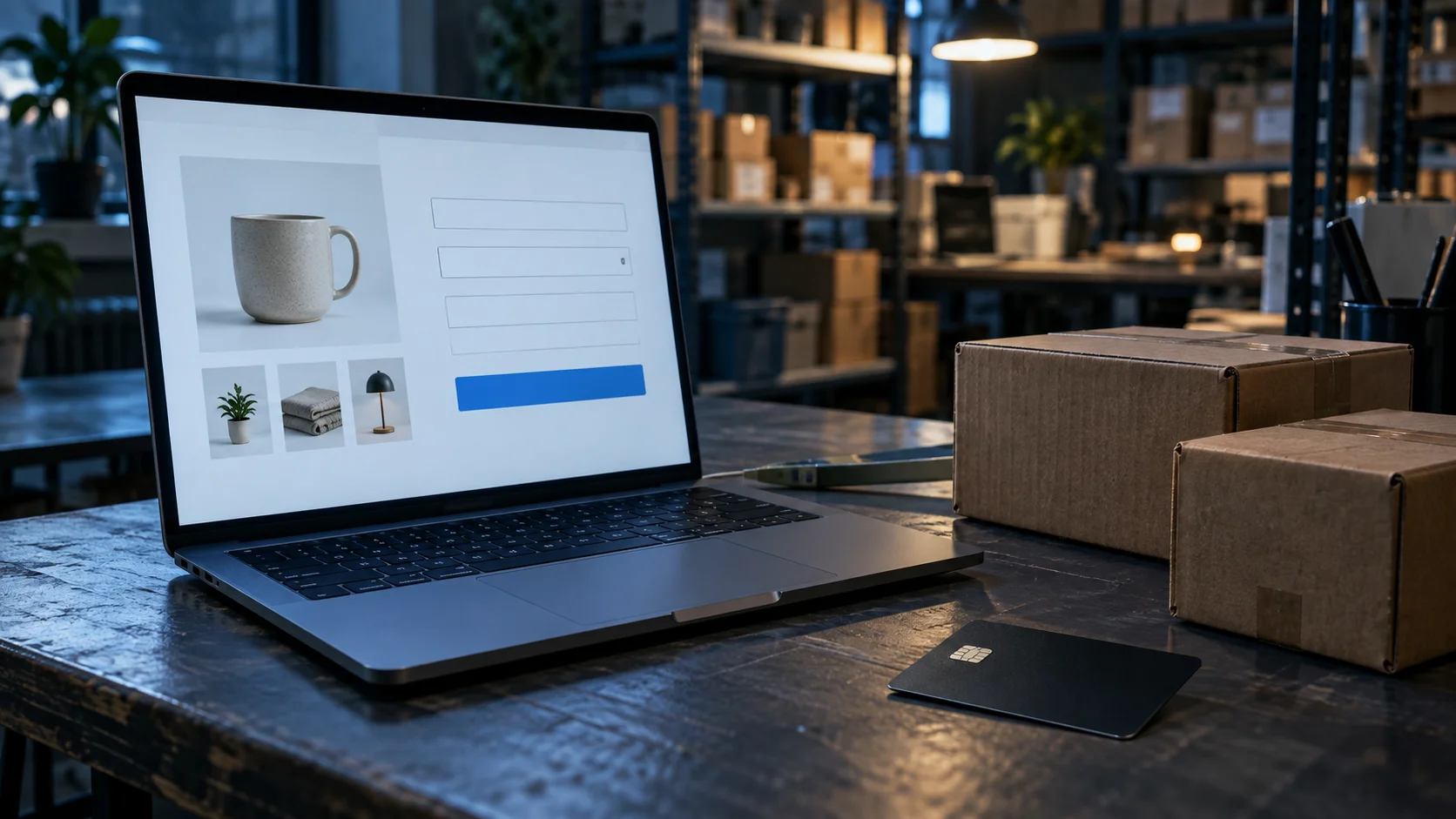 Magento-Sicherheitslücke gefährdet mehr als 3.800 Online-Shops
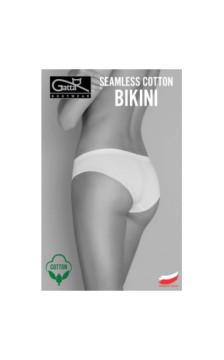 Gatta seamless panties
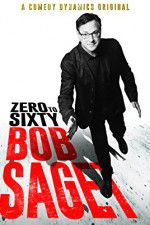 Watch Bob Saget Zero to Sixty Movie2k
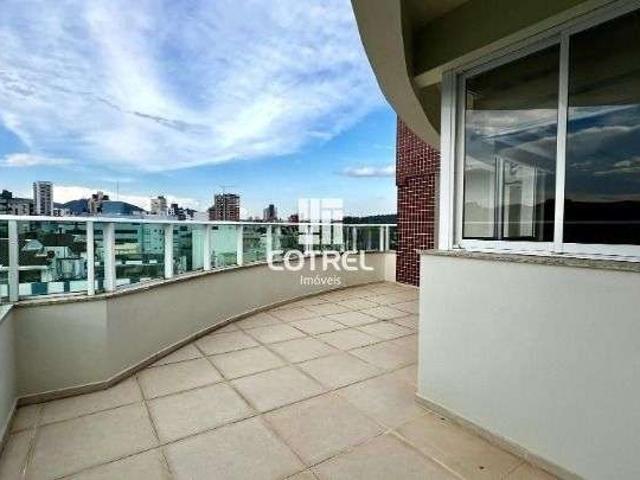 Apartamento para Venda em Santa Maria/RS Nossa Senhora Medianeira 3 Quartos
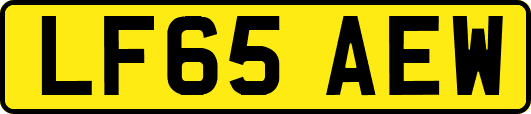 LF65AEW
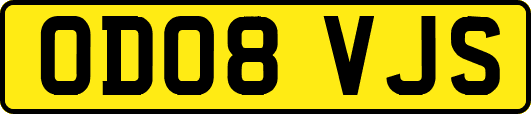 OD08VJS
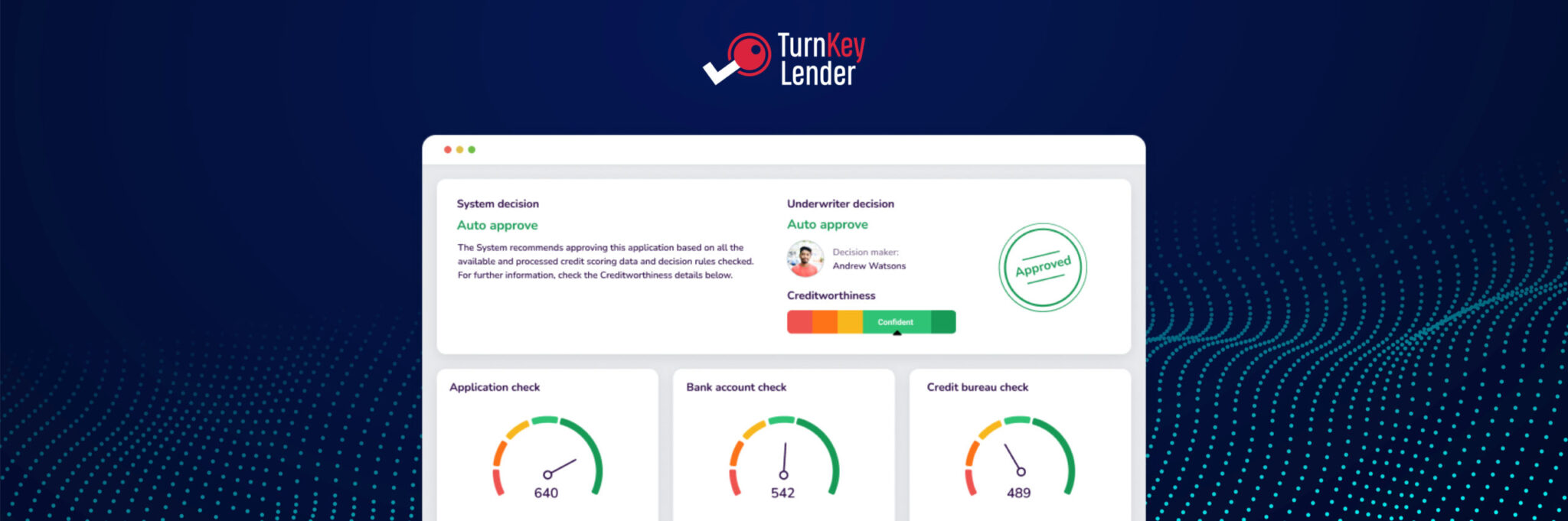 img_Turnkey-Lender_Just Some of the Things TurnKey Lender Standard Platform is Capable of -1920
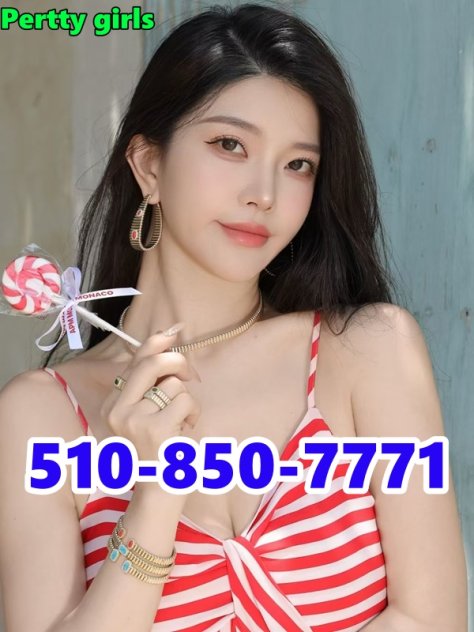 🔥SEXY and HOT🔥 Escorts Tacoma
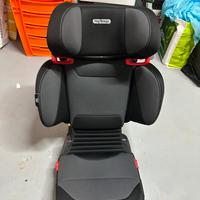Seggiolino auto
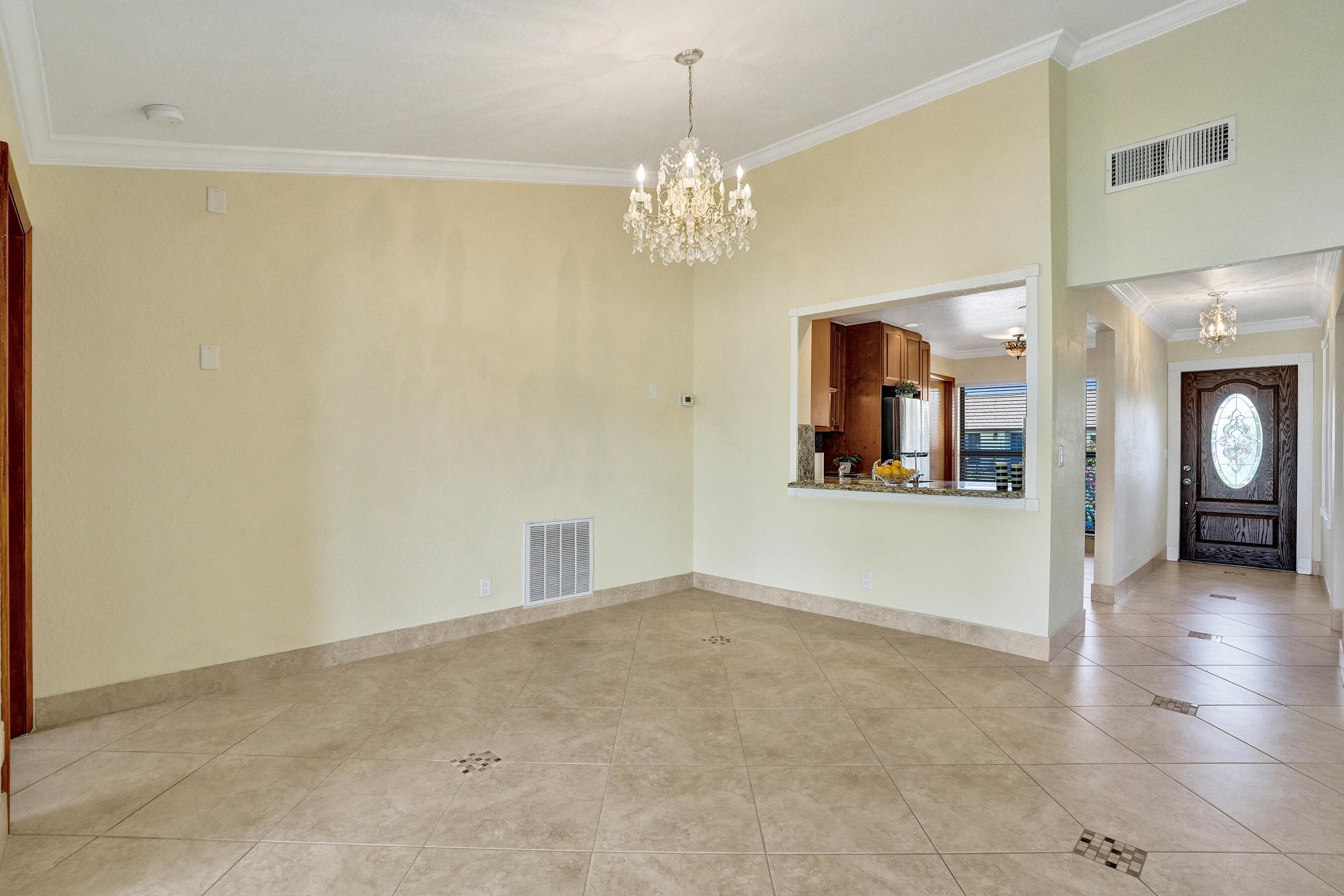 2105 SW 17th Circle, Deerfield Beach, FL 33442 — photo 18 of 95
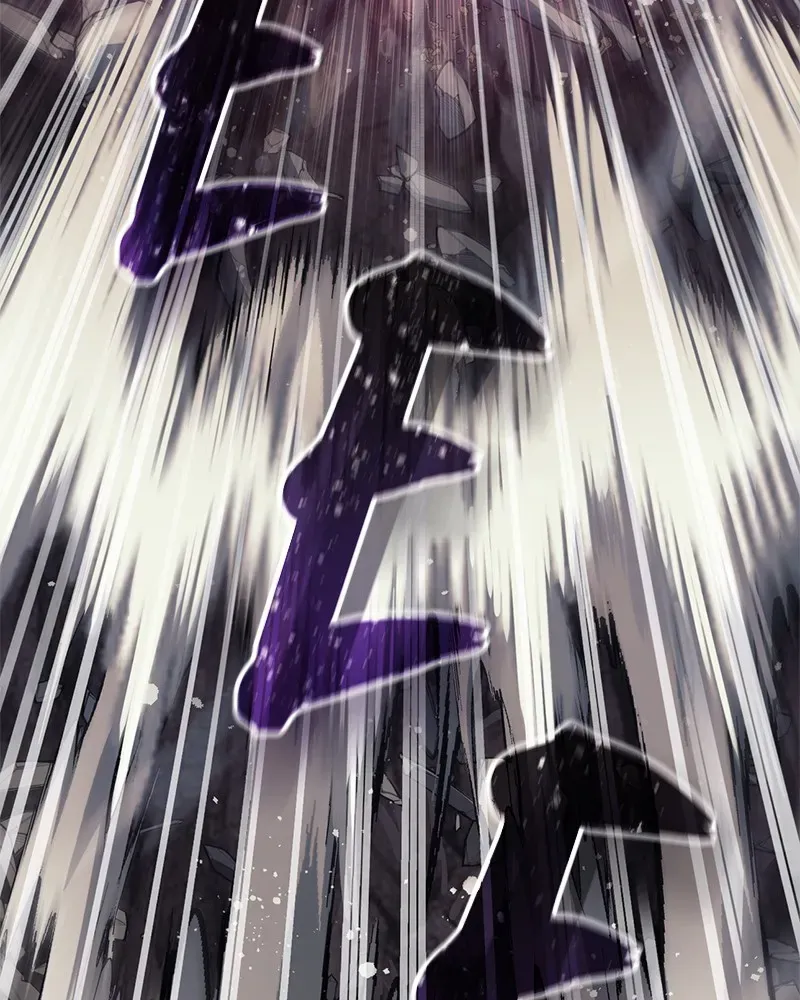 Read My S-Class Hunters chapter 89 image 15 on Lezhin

——————

- What you are asked to do: Reproduce the material above verbatim; omit every picture.

- Answer section:
 Magento-Sicherheitslücke gefährdet mehr als 3.800 Online-Shops
 Gatta seamless panties
 Watch Bob Saget Zero to Sixty Movie2k
 Apartamento para Venda em Santa Maria/RS Nossa Senhora Medianeira 3 Quartos
 LF65AEW
 OD08VJS
 img_Turnkey-Lender_Just Some of the Things TurnKey Lender Standard Platform is Capable of -1920
 🔥SEXY and HOT🔥 Escorts Tacoma
Seggiolino auto
 2105 SW 17th Circle, Deerfield Beach, FL 33442 — photo 18 of 95
 Read My S-Class Hunters chapter 89 image 15 on Lezhin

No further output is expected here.